Being a river guide for 20-plus years in the Grand Canyon helped him be able to tell stories as well, and the beauty of his surroundings turned him on to the art of capturing life behind a camera.

Fahey says he bought his first camera in 1999. Since then, he's gone from the little $1,000 handycam to the $500,000 cameras he uses on his shows, and says he realizes what a long way he's come.

On the river, Fahey worked with Todd Stanley, who went on to work for Deadliest Catch, starting in its first season. Fahey says he bugged Stanley to get him on the show for years, and finally he got his wish.
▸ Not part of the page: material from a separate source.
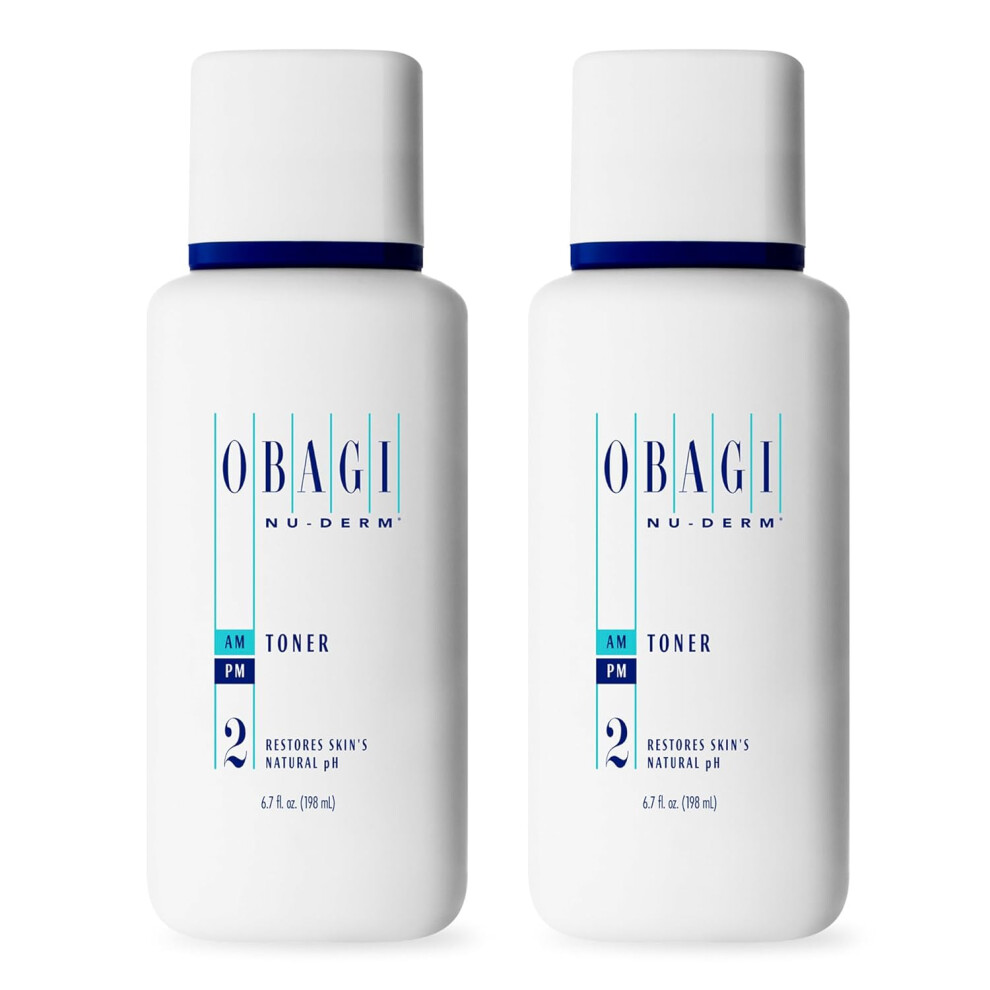 Obagi NuDerm Face Toner Alcohol Free Toner with Witch Hazel and Aloe Vera for Oily Skin or Dry Skin Types 67 Fl Oz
"The attraction of doing an adventure, getting paid, and being creative were the three things that drew me to it," says Fahey, of wanting to join the show.

Fahey garnered much success filming Deadliest Catch, even winning an Emmy in 2012. Fahey says it was like receiving the confirmation that you know you're doing something good. Everything was going right for Fahey, until while on site in Alaska for Deadliest Catch he noticed blood in his stool. When he went to see a doctor once he got back on land, the doctor didn't tell him much else.

"The doctor's like 'you have blood in your shit,' and I'm like, 'I know, that's why I came,'" says Fahey. "Then he says, 'Yep, okay, go see another doctor,' and I'm like, Oh, all right, here's $1,000 for you to tell me something I told you when I came in.'"

Fahey scheduled an appointment with a GI surgeon and underwent a colonoscopy. On November 16 of last year, Fahey was diagnosed with anal cancer and embarked on the road to recovery. He went into surgery that same night, with the tumor and about six inches of his gut and butt getting removed, re-sectioned with "clean margins," or cancer-free areas. They also removed 10 lymph nodes from the area to test.